- Your objective
The output should be the listing below, limited to the lines from the one with "Cover Babbo Natale" through the one with "lace outfitsts, lace", exact and without pictures.

- Excerpted records
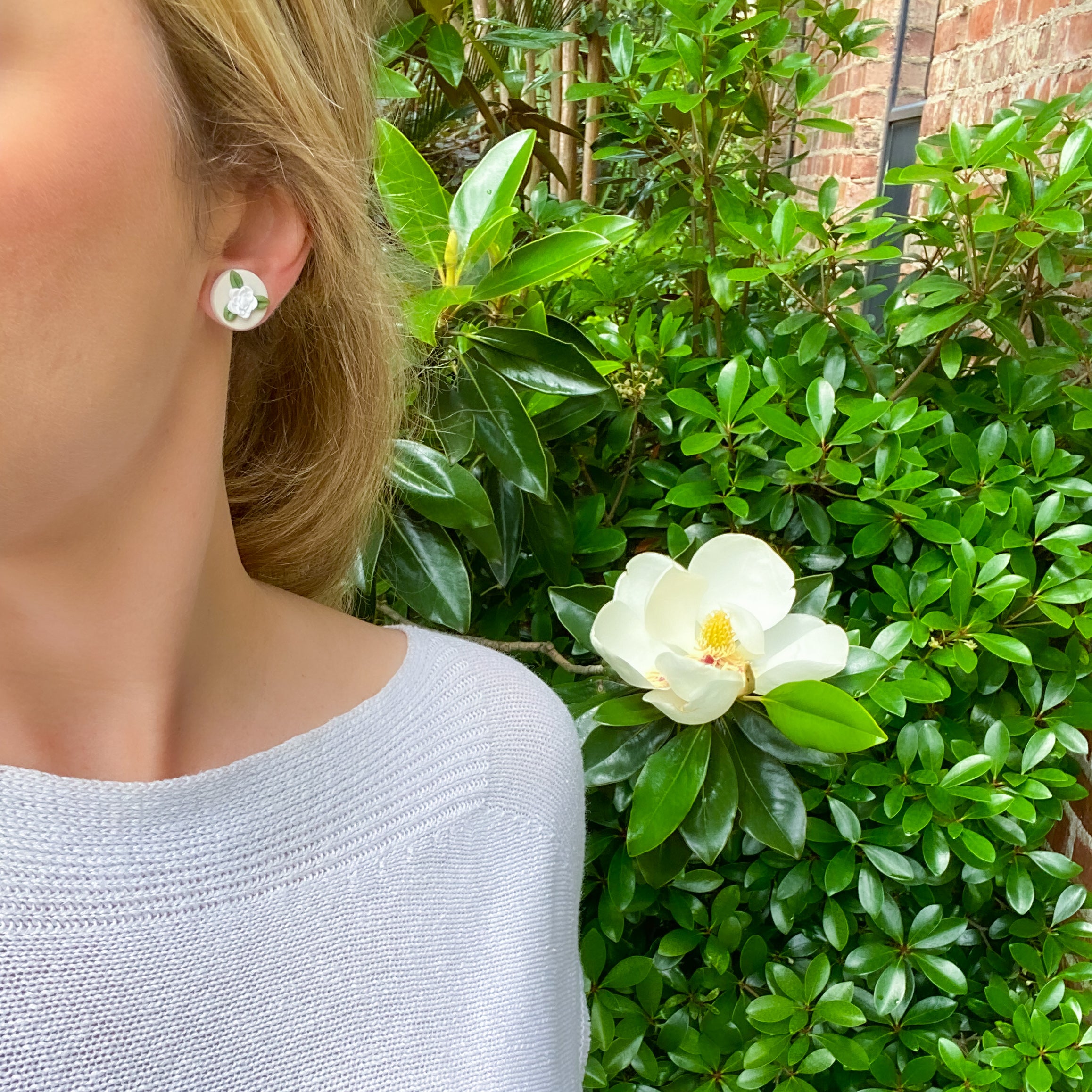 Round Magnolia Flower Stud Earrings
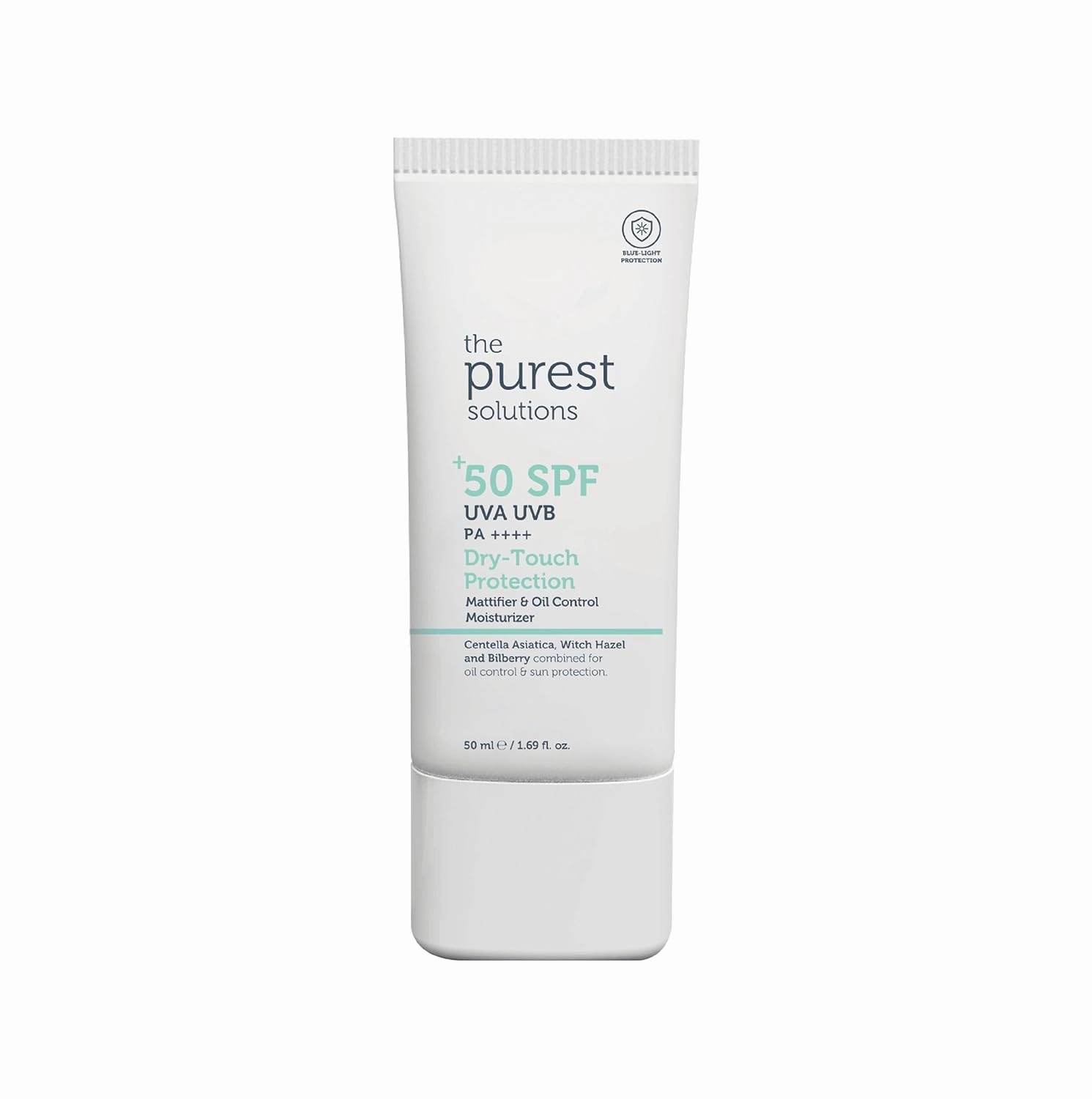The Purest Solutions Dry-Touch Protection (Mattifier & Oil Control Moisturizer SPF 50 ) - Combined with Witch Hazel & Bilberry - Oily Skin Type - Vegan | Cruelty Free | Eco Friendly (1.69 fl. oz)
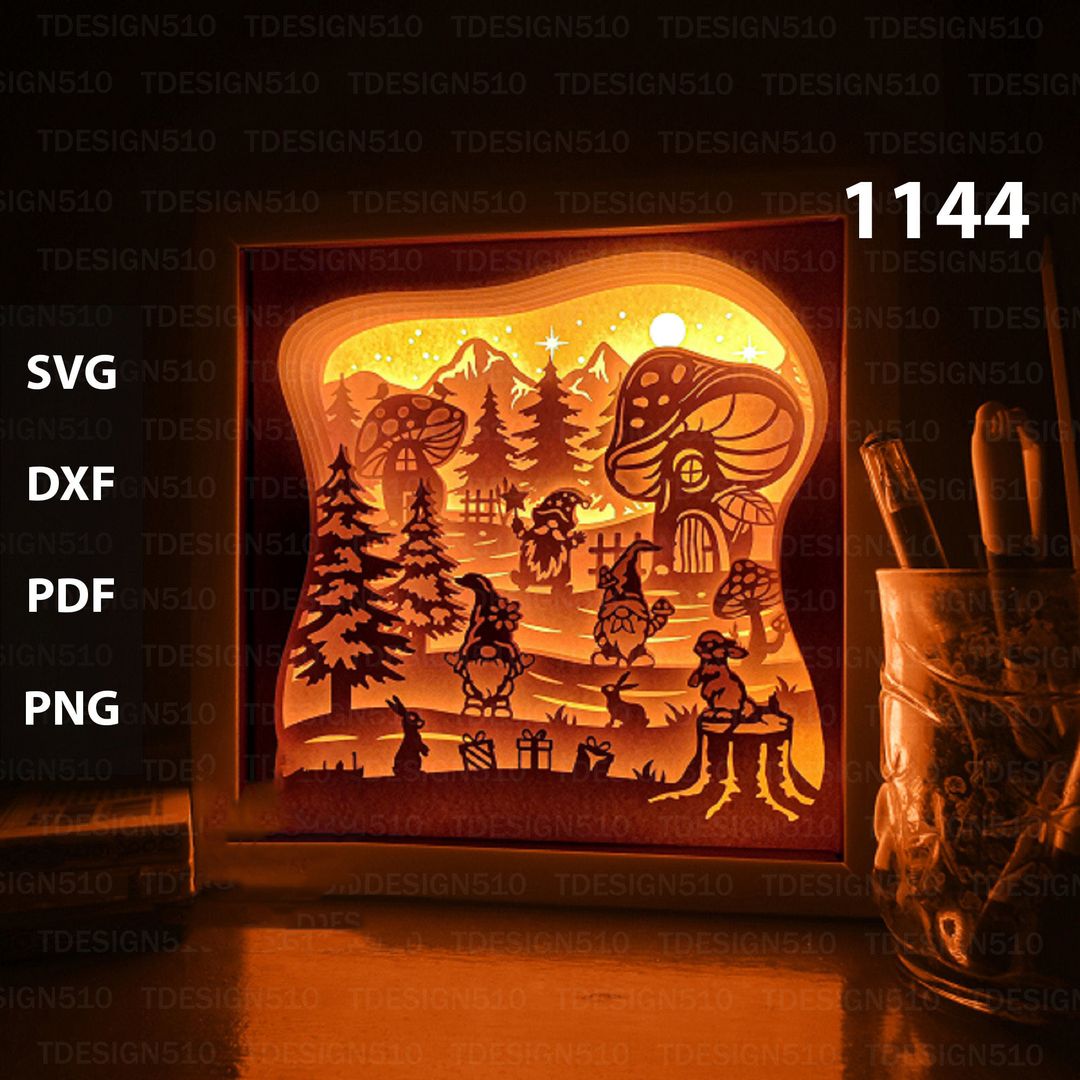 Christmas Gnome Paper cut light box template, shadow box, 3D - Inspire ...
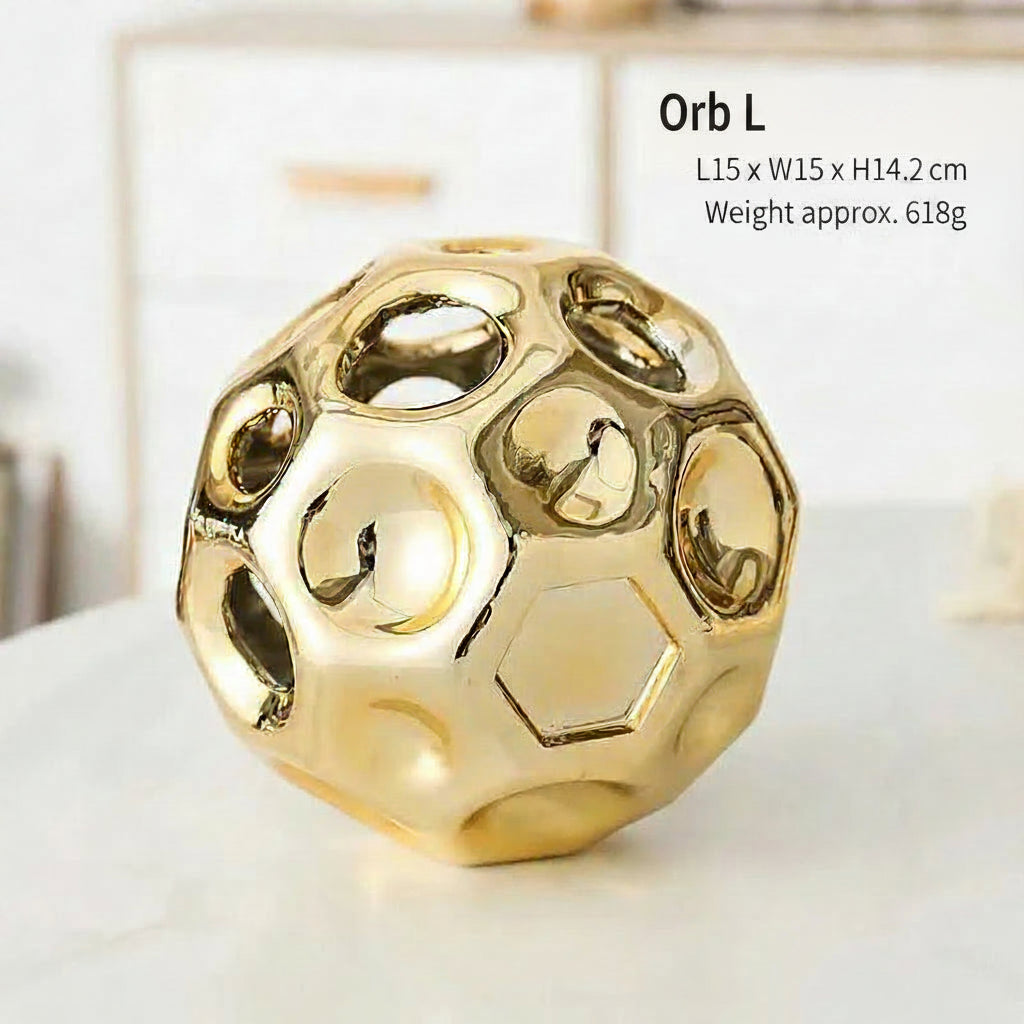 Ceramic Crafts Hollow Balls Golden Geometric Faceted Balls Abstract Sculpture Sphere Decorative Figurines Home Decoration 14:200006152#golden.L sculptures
---
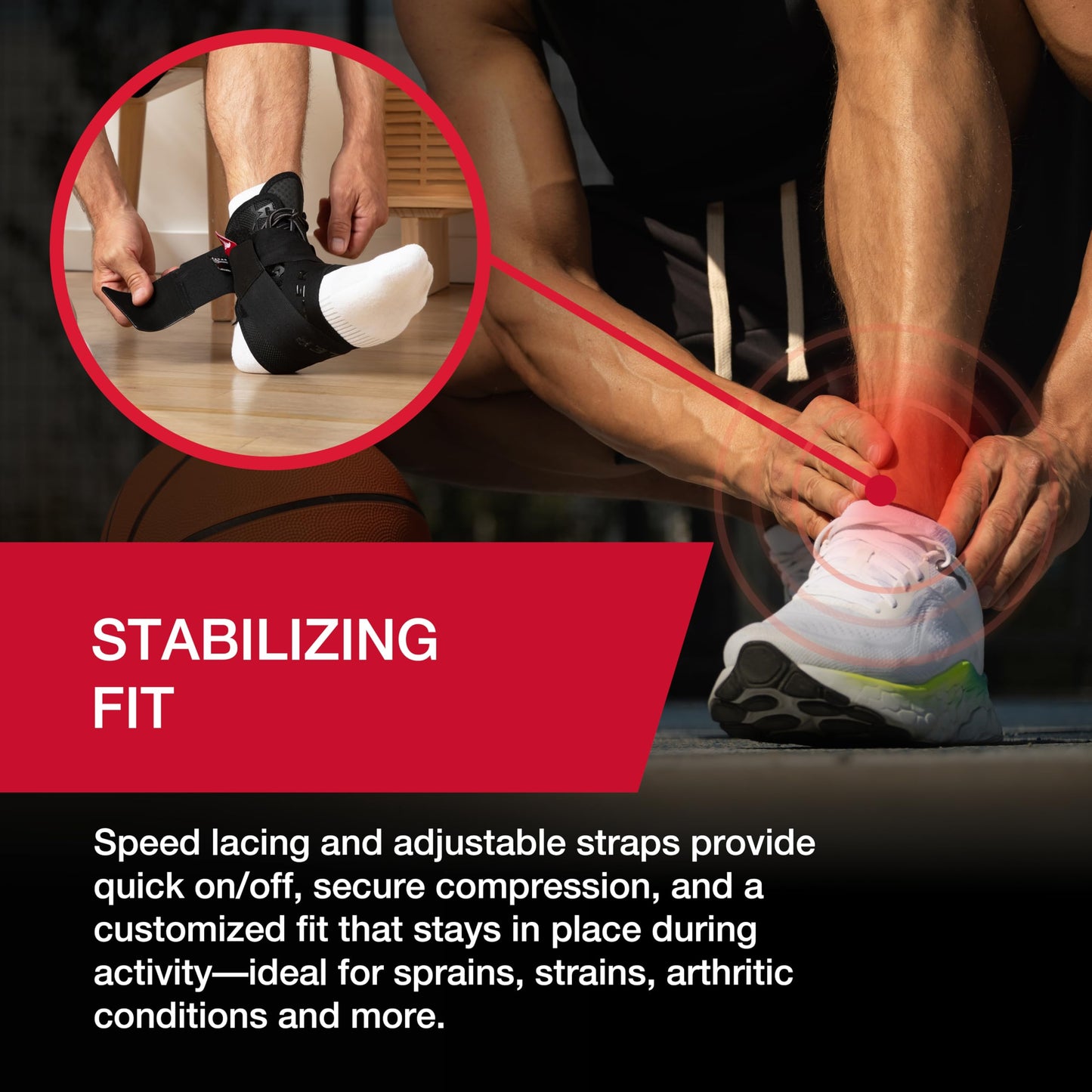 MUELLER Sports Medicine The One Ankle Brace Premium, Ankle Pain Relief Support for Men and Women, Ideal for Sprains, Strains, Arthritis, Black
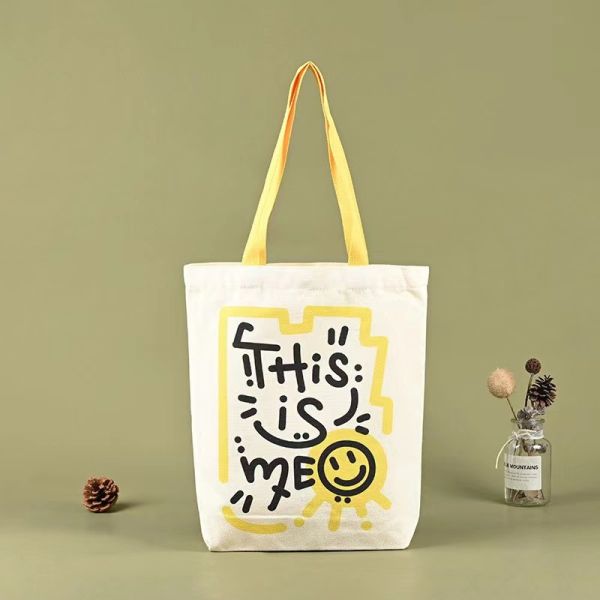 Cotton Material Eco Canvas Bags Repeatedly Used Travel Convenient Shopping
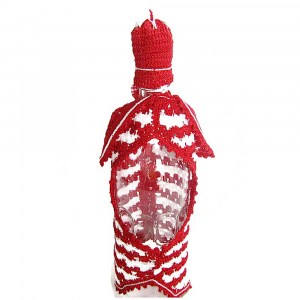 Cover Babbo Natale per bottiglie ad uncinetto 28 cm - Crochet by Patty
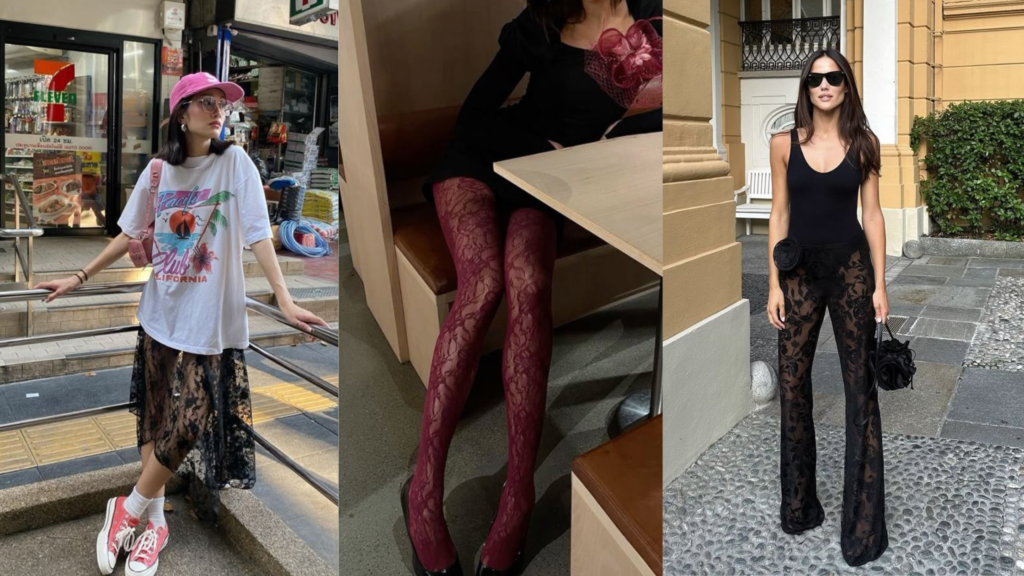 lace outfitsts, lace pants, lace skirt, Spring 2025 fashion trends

- Solution to this task
 Cover Babbo Natale per bottiglie ad uncinetto 28 cm - Crochet by Patty
 lace outfitsts, lace pants, lace skirt, Spring 2025 fashion trends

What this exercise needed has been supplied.